Description of the task
From the records below, set down exactly the lines starting with the line that contains "Hey folks, Robbie" and going on through the line that contains "Sai bhaji can". Nothing else is wanted.

Material provided
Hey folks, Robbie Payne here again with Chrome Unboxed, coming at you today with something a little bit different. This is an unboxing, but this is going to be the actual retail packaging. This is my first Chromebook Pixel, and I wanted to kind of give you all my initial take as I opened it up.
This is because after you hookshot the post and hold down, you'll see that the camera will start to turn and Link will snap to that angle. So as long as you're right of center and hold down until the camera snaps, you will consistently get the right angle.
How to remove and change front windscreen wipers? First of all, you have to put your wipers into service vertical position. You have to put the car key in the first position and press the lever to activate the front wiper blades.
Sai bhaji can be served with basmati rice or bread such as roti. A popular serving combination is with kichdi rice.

--

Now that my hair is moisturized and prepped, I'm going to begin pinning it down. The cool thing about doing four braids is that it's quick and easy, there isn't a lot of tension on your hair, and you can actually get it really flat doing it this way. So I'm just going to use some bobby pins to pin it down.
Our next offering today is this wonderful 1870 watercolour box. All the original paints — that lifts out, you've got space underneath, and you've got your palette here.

Finished task
Hey folks, Robbie Payne here again with Chrome Unboxed, coming at you today with something a little bit different. This is an unboxing, but this is going to be the actual retail packaging. This is my first Chromebook Pixel, and I wanted to kind of give you all my initial take as I opened it up.
This is because after you hookshot the post and hold down, you'll see that the camera will start to turn and Link will snap to that angle. So as long as you're right of center and hold down until the camera snaps, you will consistently get the right angle.
How to remove and change front windscreen wipers? First of all, you have to put your wipers into service vertical position. You have to put the car key in the first position and press the lever to activate the front wiper blades.
Sai bhaji can be served with basmati rice or bread such as roti. A popular serving combination is with kichdi rice.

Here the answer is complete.